A House Natural Resources Committee bill would turn national forests into fiduciary trusts mandated to produce both a minimum amount of timber and a minimum amount of revenues for the counties in which the forests are located. Thus, the Antiplanner’s original proposal to turn federal lands into fiduciary trusts become increasingly warped.
A fiduciary trust requires a trustee (who manages the trust), a beneficiary (who gets the benefits of the trust), a trustor (who sets up the trust), and a trust corpus or assets that are to be managed. Trusts differ from ordinary government agencies in that the trusts are obligated to manage the assets solely for the beneficiaries, which is a lot simpler than the multiple jobs of most agencies (create jobs, help local clients, keep politicians happy, etc.).

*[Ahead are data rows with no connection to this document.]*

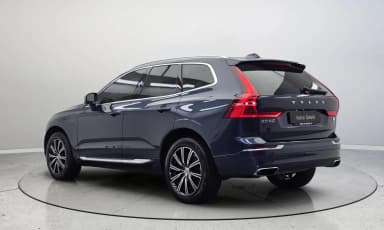 XC60 Gen 2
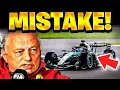 Lagu FIA To BAN Mercedes 2026 Engine After Ferrari REVEALED New Evidence Before Test Bahrain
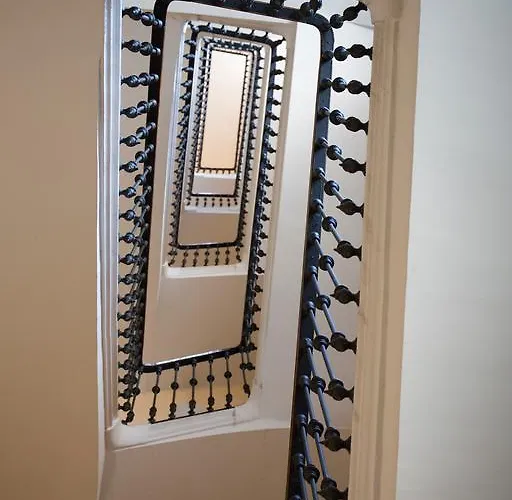 Bed & Breakfast Maison B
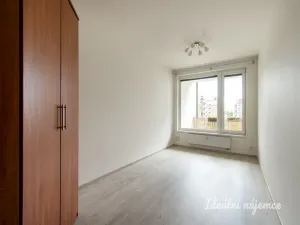 Pronájem bytu 3+kk, Praha - Střížkov, Zakšínská, 77 m2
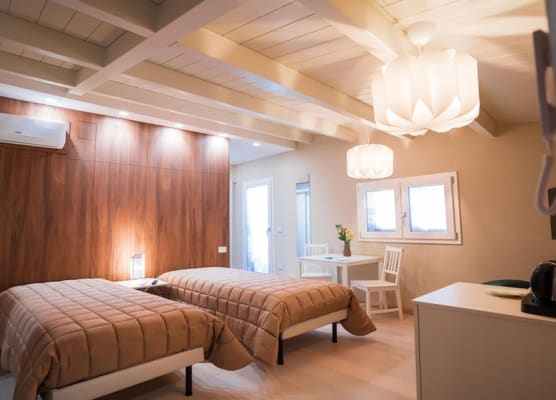 Grantò B&B 1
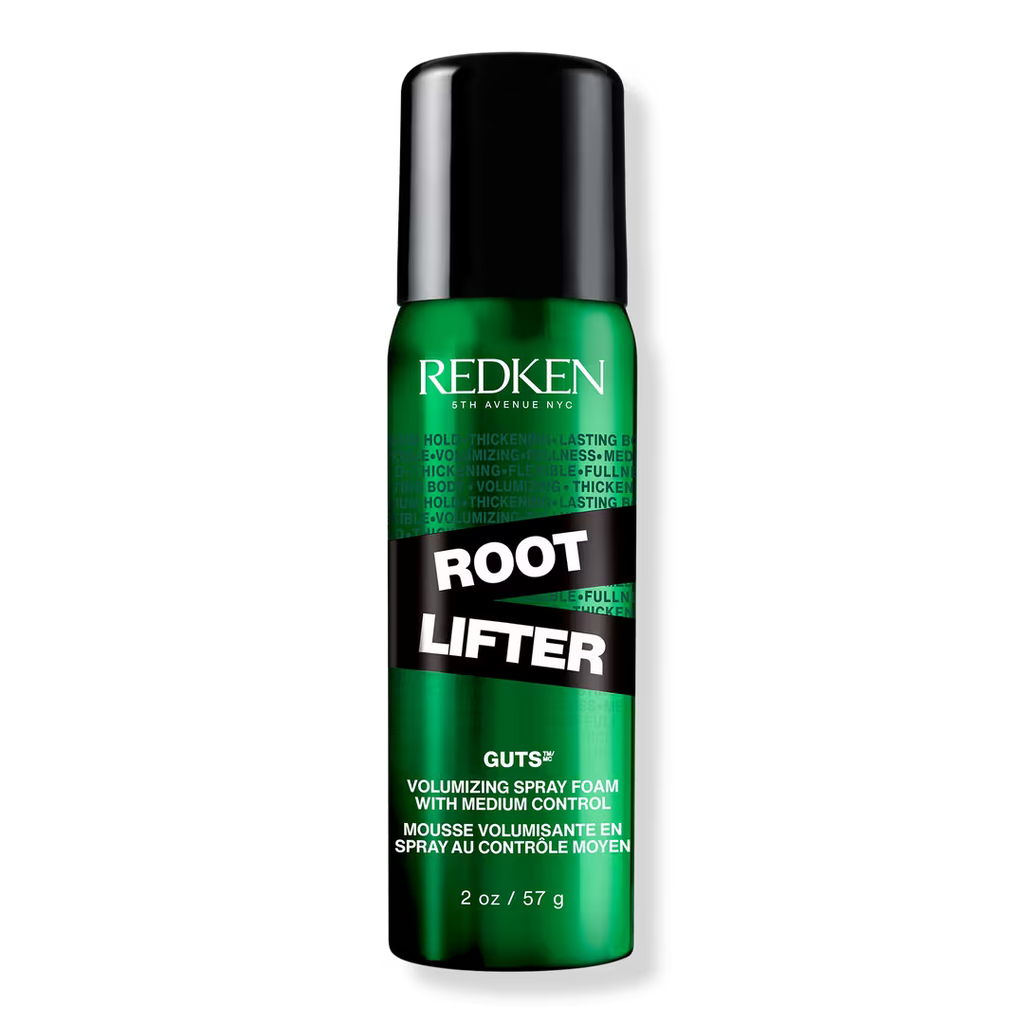 Root Lifter Volumizing Spray Foam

The Antiplanner’s original idea was that public lands would be managed by two trusts. One would produce maximum revenue by selling, leasing, or otherwise permitting various land uses. Some of the revenues would go to the Treasury but some would go to the second trust which would be obligated to maximize the value of any non-revenue producing resources such as endangered species. The amount of revenues the first trust would produce would depend on how much it could profitably produce without harming the long-term productivity of the land (which trustees are also obliged to protect). The second trust could use some of the revenues to buy or lease resources from the first and not use them if it felt that would be the best way to achieve its mission of maximizing non-market values.